Official opening of SBB Cargo International’s head office: Arrival in railway town Olten – with a loco naming.

Today SBB Cargo International inaugurated its new head office in Olten, marking the occasion by naming a locomotive after the town. The company, which has sites in Germany and Italy, operated more than 15,000 trains on the European north-south corridor in the first half of 2011. However, the weak euro is proving a challenge for SBB Cargo International.

SBB Cargo International today officially inaugurated its head office in the traditional railway town of Olten by naming a class Re 482 locomotive that is suitable for international operations after the town. The loco’s "godparents" were Solothurn Cantonal Councillor Esther Gassler, Head of the Cantonal Department of Economic Affairs, and Olten's mayor, Ernst Zingg. The ceremony marked the completion of the company's setup process, which has been progressing in stages since its formal foundation at the beginning of the year. "I am delighted that we have been able to establish our headquarters here in Olten, and that in so doing we are continuing a Swiss railway tradition that has existed for more than a century," said Michail Stahlhut, CEO of SBB Cargo International, at the inauguration ceremony. He went on to say that Olten was ideally located and easy to reach for the 100 or so employees who commute to work from various regions.
International freight trains have been travelling under the SBB Cargo International banner since January. "Operations have got off to a good start, but we are still overcoming the usual teething troubles," stressed Michail Stahlhut to the media. In its first six months, SBB Cargo International operated over 15,000 trains. Motive power is provided by a locomotive fleet of around 100, half of which are multi-system vehicles designed for use on international routes.

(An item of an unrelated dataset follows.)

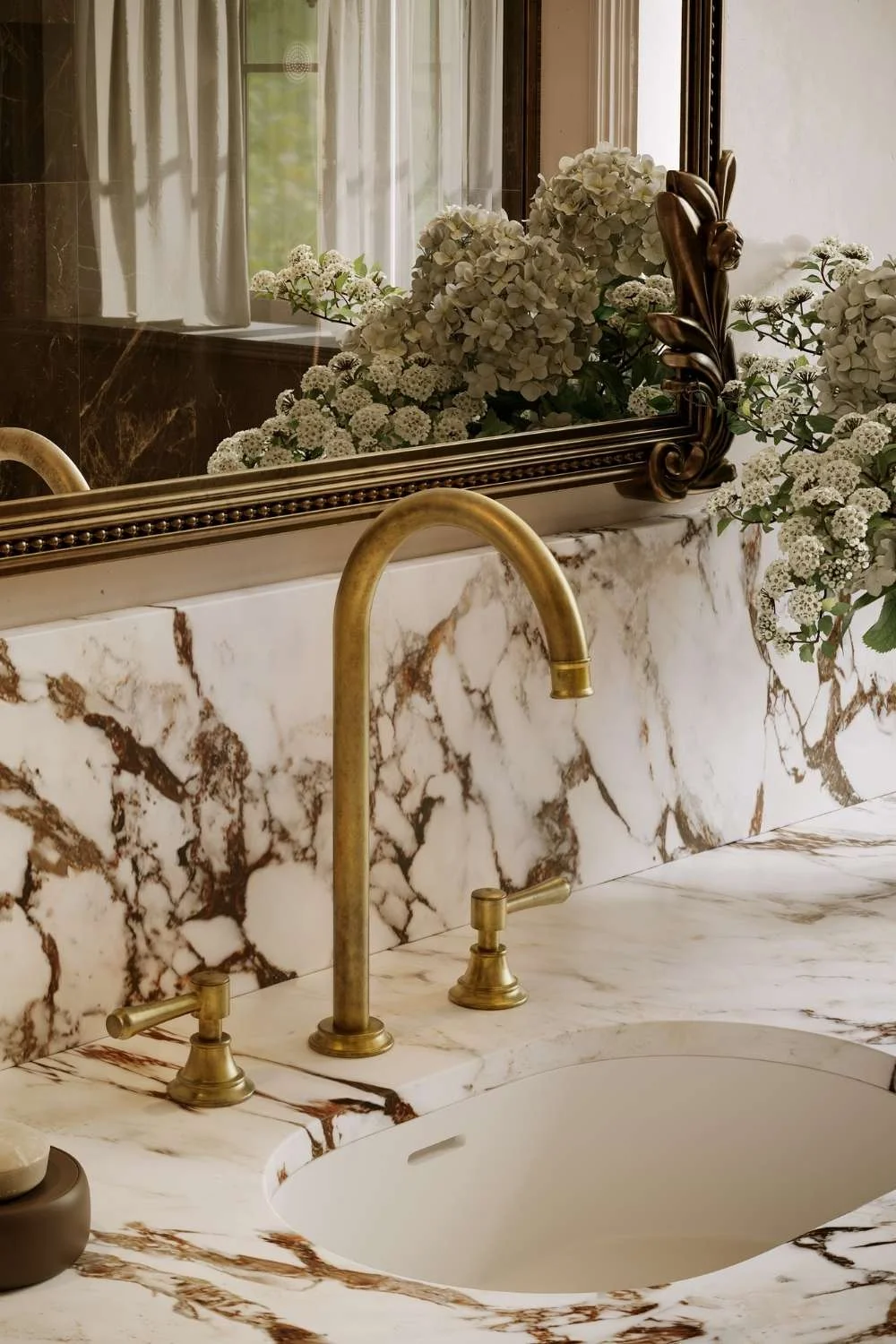 Cohesive Design Interior Tumbled Aged Brass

"Transport services are developing well, but the strong franc is making life difficult for us." Most of the company's revenue from its international freight services is in euros, but the cost of operating trains through Switzerland is mostly in francs. "The currency situation is having a strong negative impact on our financial development. We will therefore be unable to avoid price rises too. We have to assume that there will be a general rise in the price of rail transit shipments through Switzerland."

Step-by-step setup during continuing operations

The young company has been set up in stages since it was founded at the beginning of this year. Initially operations were managed from Basel, where SBB Cargo has its head office. To ensure operations continued to run smoothly, the move to Olten then took place in two stages. On 9 May, the first 45 employees moved into the company's new head office at Sälihof near Olten station. In July, they were followed by some 40 control centre employees, who control the more than 550 international trains operated by the company each week, as well as scheduling the necessary resources. SBB Cargo International also has its own production companies in Germany and Italy. In total, the SBB Cargo subsidiary employs around 600 people. This does not include the train drivers in Switzerland, who are still employed by SBB Cargo for the time being.

Most of SBB Cargo International's customers are intermodal transport operators. The company’s offering is geared to large customers who rely on lean and efficient rail haulage that offers Swiss precision on both intermodal and conventional block train services. Apart from operators, these include railfreight and other railway companies and companies with sufficient volume to fill entire trains, such as steel producers. SBB Cargo International also runs piggyback trains for RAlpin between Freiburg im Breisgau, Germany, and Novara, Italy (via Lötschberg), and between the Swiss port of Basel Kleinhünigen and Lugano Vedeggio (via Gotthard).